■ Input data ■
◆ ◆ ◆ ◆ ◆

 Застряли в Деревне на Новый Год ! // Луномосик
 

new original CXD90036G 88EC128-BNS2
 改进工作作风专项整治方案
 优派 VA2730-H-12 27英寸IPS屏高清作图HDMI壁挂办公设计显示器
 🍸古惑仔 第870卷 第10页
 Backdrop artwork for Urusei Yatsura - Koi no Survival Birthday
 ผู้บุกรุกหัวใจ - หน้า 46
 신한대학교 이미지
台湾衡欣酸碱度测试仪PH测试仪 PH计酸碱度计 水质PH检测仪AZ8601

◆ ◆ ◆ ◆ ◆

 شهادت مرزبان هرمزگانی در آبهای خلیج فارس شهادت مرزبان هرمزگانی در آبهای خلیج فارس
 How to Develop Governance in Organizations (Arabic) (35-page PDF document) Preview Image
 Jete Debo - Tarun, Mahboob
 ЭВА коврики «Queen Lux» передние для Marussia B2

◆ ◆ ◆ ◆ ◆

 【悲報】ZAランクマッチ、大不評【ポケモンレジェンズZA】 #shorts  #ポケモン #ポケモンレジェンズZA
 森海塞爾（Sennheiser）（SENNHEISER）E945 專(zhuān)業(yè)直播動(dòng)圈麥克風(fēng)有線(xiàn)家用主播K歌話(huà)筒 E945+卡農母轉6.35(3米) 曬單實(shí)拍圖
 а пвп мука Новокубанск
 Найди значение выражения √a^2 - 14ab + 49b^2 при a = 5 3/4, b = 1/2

◆ ◆ ◆ ◆ ◆

What you give back must be the stretch above, starting at the line with "new original CXD90036G 88EC128-BNS2" and ending at the line with "台湾衡欣酸碱度测试仪PH测试仪 PH计酸碱度计 水质PH检测仪AZ8601", copied exactly.

■ Exercise output ■
new original CXD90036G 88EC128-BNS2
 改进工作作风专项整治方案
 优派 VA2730-H-12 27英寸IPS屏高清作图HDMI壁挂办公设计显示器
 🍸古惑仔 第870卷 第10页
 Backdrop artwork for Urusei Yatsura - Koi no Survival Birthday
 ผู้บุกรุกหัวใจ - หน้า 46
 신한대학교 이미지
台湾衡欣酸碱度测试仪PH测试仪 PH计酸碱度计 水质PH检测仪AZ8601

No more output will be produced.